The website has been made public by a whistle blower. We have enough evidence about the dirty deals they did. But to charge them we need to get hands on precise numbers about the transactions that happened on their platform.

Unfortunately no record of the transactions could be seized so far. The only hint we have is this one transaction:

fd0d929f-966f-4d1a-89cd-feee5a1c5347.json

What we need is the total of all transactions in Dollar. Can you trace down all other transactions and get the total?

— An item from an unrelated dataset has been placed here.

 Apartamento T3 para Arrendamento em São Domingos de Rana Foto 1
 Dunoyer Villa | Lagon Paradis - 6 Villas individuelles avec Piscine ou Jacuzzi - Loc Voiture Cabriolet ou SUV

Be careful to count each transaction only once, even if it is linked multiple times. You can use whatever tool works best.

Please share the total and your solution below!

Cheers, Jorin

@jorinvo

(For 2015 challenge see https://jorin.me/csv-challenge)

@danieldiekmeier
Copy link

const axios = require('axios')
const queue = require('async/queue')

let sum = 0
const visited = []

const q = queue((url, done) => {
  if (visited.includes(url)) return done()
  visited.push(url)
  axios.get(url).then(({data}) => {
    sum += Number(data.content.match(/\$(\d*(\.|,)\d*)/)[1].replace(',', '.'))
    q.push(data.links)
    done()
  })
}, 1)

q.push('https://gist.githubusercontent.com/jorinvo/6f68380dd07e5db3cf5fd48b2465bb04/raw/c02b1e0b45ecb2e54b36e4410d0631a66d474323/fd0d929f-966f-4d1a-89cd-feee5a1c5347.json')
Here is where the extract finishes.